いつもは登山道を下山するのですがこの日は懸垂下降を楽しめそうです。しかもかなり長いコースらしいです。(わくわくするわぁ!)しかし、しかし、あまりに長すぎてロープの長さが足りません。蓬莱峡大屏風でのロープ事故死を思い出しました。
「2本を繋ごう!」ゲレンデではありませんので木の枝や岩などの障害物を避けながら全員が長い長い懸垂下降を終えました。見上げると出発点が見えないほどでした。ロープ回収の引き抜き作業を開始したのですが・・・・何としたことか抜けませ~ん。どうも引っかかってしまった様です。よくある出来事です。ここは若者が登り返すしかありません。岩の隙間に挟まったロープの解除に向かったのは勿論koumeiさん。下から見上げていると「きつい!」「掴むところがない!」「お・ち・そ・う!」そんな電波がビリビリと流れてきましたが頑張ってもらうしかありません。
▲ちょこっと登り返し…こんなことも含めてアルパインだあ 
▲Kフェイスの終了点に降りちゃった…此処でしばらく待機だあ
あかんロープが抜けへん…岩角にひかかったみたい 登り返してくるわ 
やはりロープは岩に挟まっていた様です。手直しをしたとしてもまた同じ結果になると判断したのか「全員登り返してくださ~い!」悪魔のささやきに聞こえました。長い長い懸垂下降をしたコースを登り返せってか?覚悟を決めてまずは「МUーさん」から登り返し開始です。中ほどまで行くと下からの声が届かないほど離れてしまいました。「登りました~!」とかすかに声が聞こえ次なるはジョンと姫の登攀開始です。私達は1本のロープで同時に登り返すことにしました。ロープダウンしたとしても木の枝にひっかかってしまい危険です。2人同時に登り返せばロープが引っかかる心配はないのです。

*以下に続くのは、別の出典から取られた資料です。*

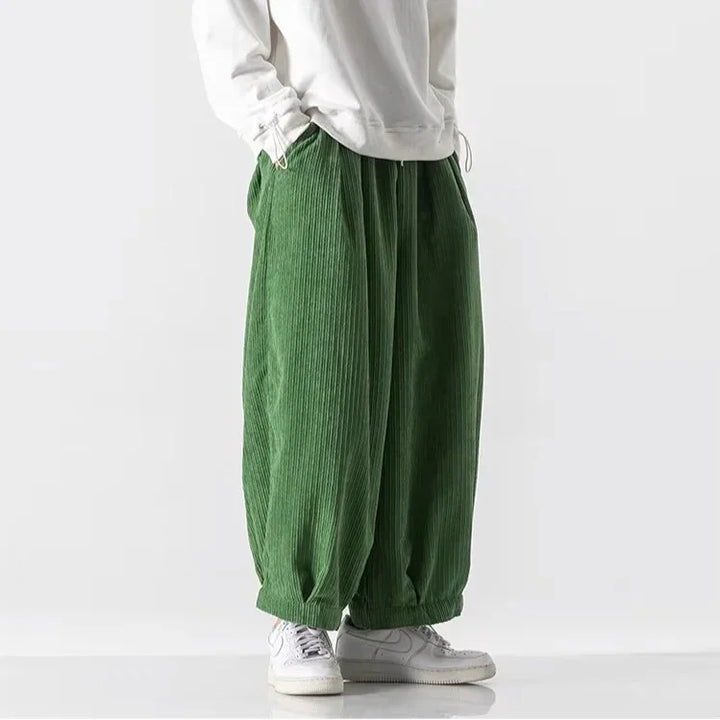 Oversized green corduroy pants with deep pleats and elastic waistband for a relaxed fit and effortless movement.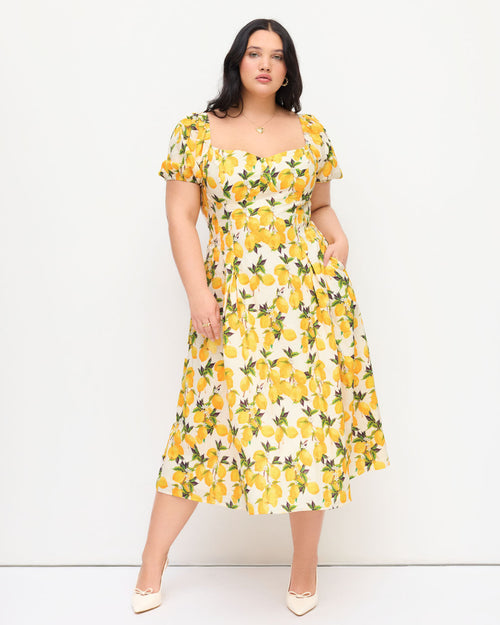 Women wearing plus size floral dress with lemon print, sweetheart neckline, puff sleeves and pleated midi silhouette.
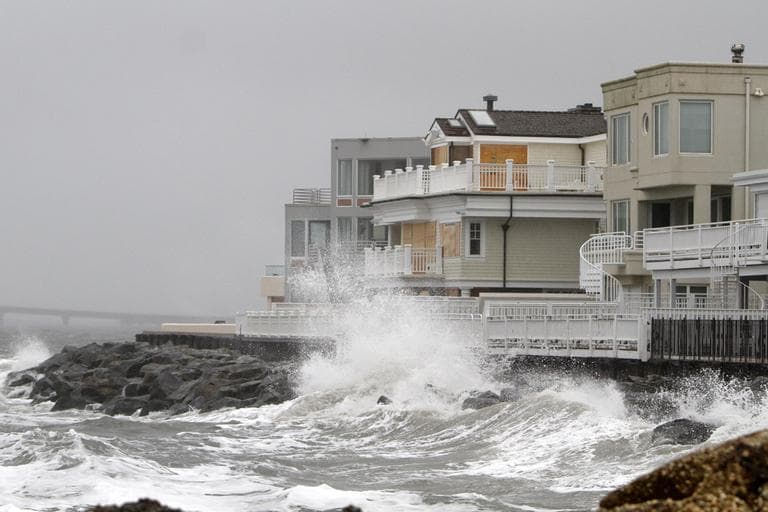 Waves crash onto the sea wall protecting homes in Longport, N.J., Sunday, Oct. 28, 2012, as Hurricane Sandy approaches the area. (AP)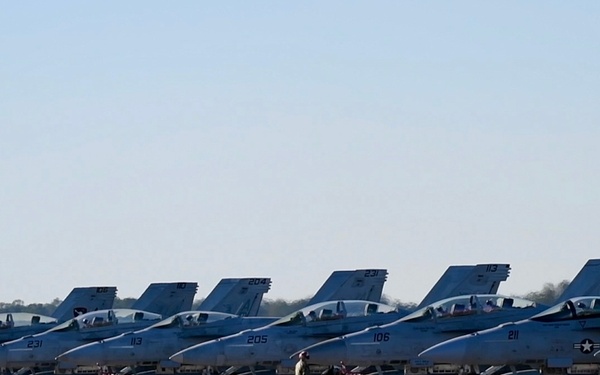 30 F/A-18 Super Hornets from Naval Air Station Oceana staged at Naval Air Station Jacksonville for a flyover honoring former U.S. President Jimmy Carter.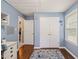 Charming bedroom with blue walls, white trim, a window, a closet, and hardwood floors at 215 Virginia Pine Dr, Clayton, NC 27520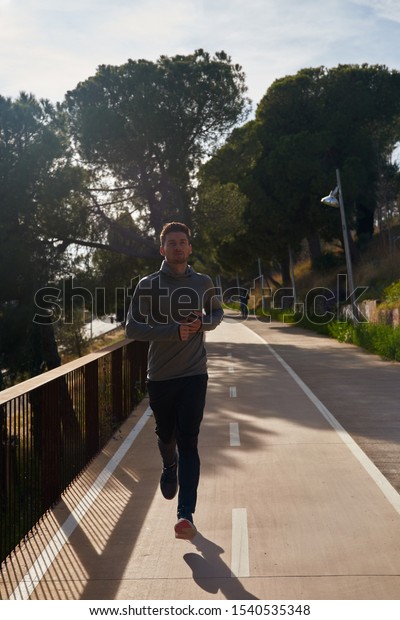 Young man jogging on a path with tall trees in\
the background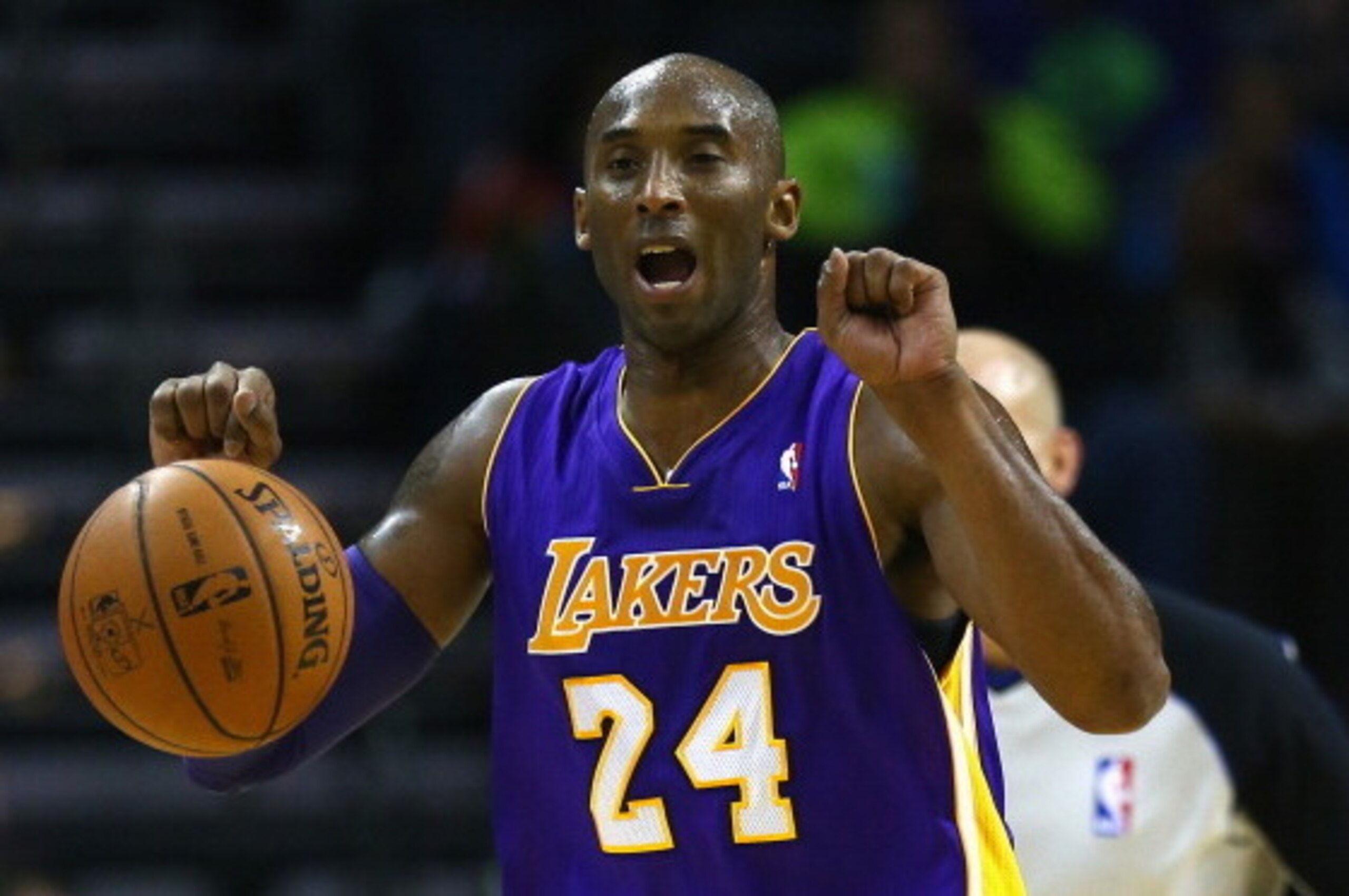CHARLOTTE, NC - DECEMBER 14: Kobe Bryant #24 of the Los Angeles Lakers during their game at Time Warner Cable Arena on December 14, 2013 in Charlotte, North Carolina. NOTE TO USER: User expressly acknowledges and agrees that, by downloading and or using CHARLOTTE, NC - DECEMBER 14: Kobe Bryant #24 of the Los Angeles Lakers during their game at Time Warner Cable Arena on December 14, 2013 in Charlotte, North Carolina. NOTE TO USER: User expressly acknowledges and agrees that, by downloading and or using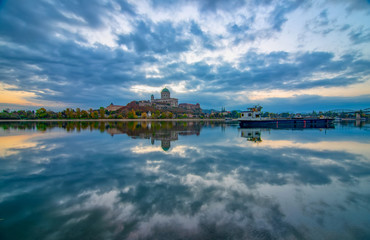 Fototapeta premium Amazing sunrise view over Danube river, beautiful reflections of morning clouds mirrored in water, Esztergom, Hungary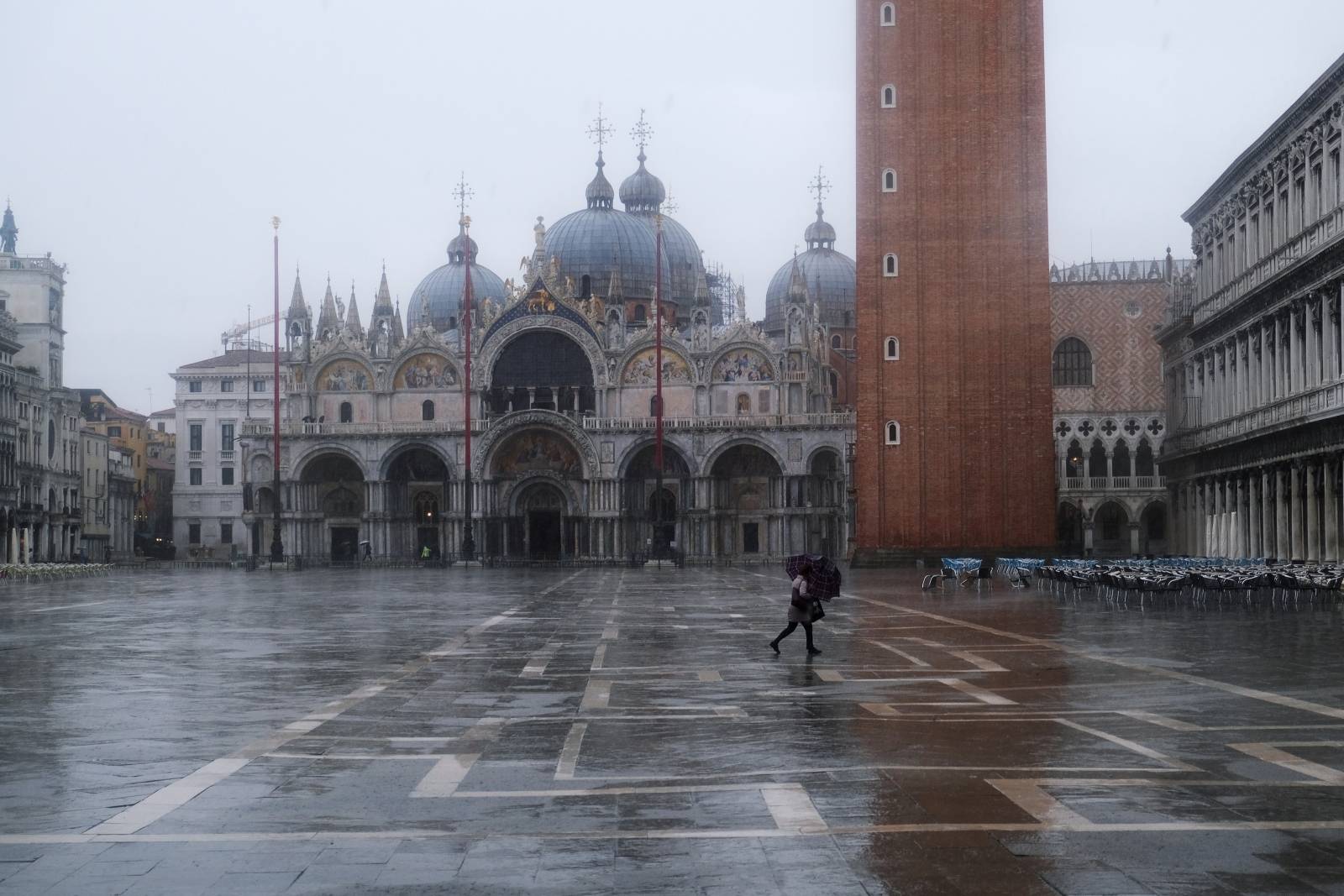 A woman walks in St. Mark's Square during high tide as the flood barriers known as Mose are raised for the second time, successfully protecting the lagoon city from flooding, in Venice
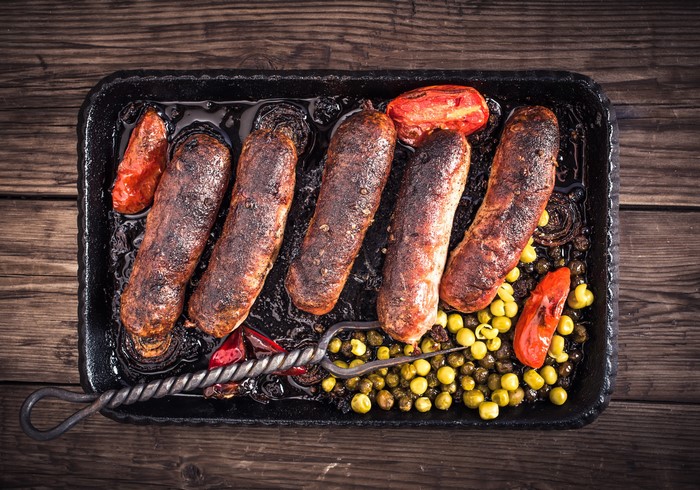 Roasted sausages with tomatoes and peas in a pan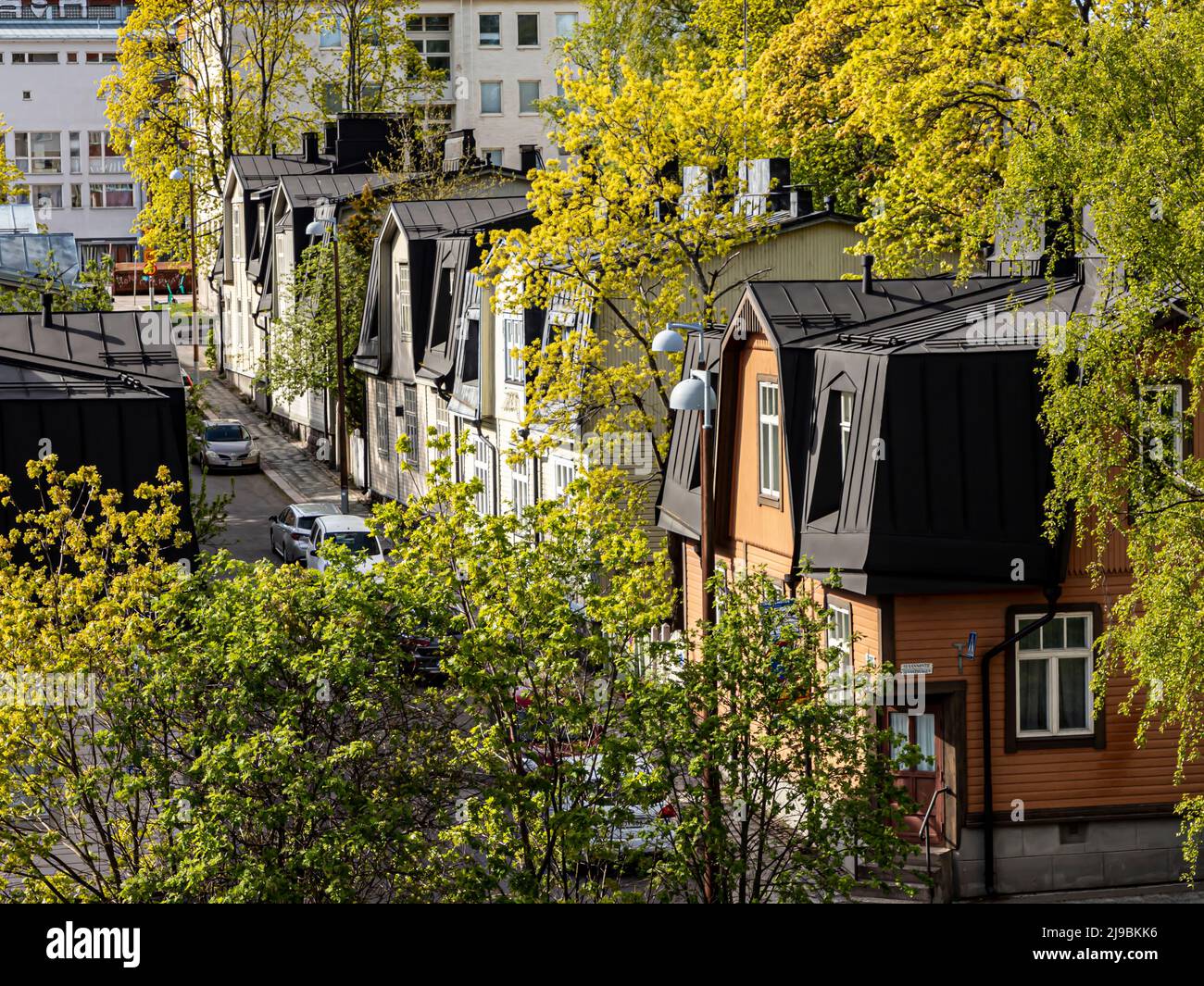 View of Suvannontie and Virtaintie in the Vallila wooden house district of Helsinki, Finland. Stock Photo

すると上から「登り返しは大変なので横からトラバースして下さ~い。別行動しスタート地点で合流しましょう」
了解はしたもののトラバースもかなり危険が伴います。わずかな距離でもジョンはロープフリーで移動さすことをしませんでした。「こんな時に滑落するんや!」と慎重に慎重を重ね、姫を安全地帯まで移動させました。同じ様にしてジョンも移動。ロープをリュックに仕舞い込みました。急な傾斜には残地ロープがかかっています。体重を掛けずにバランス程度に残地ロープを掴み、危険個所を脱出すると踏み跡のある登山道らしき箇所に出ました。緊張から解き放たれたのです。ドッと疲れが出てしばし休憩です。そういえば冷たいジェリーが残っていたはず・・何かを食べれば元気も出ると最後の力を振り絞り登山道をひたすら下りました。「おお~い!」大きく手を振る二人を見つけました。合流です。それぞれにリーダーがいると言うことは心強いものです。
▲あーあー終わった…楽しかったなあ 
Y懸尾根の頭では多くの人たちが、それぞれに練習をしていました。突然トレイルランナーの若者が走ってきて危険な岩場を横断しはじめました。「危ないっ」何と無茶なことをするっ! 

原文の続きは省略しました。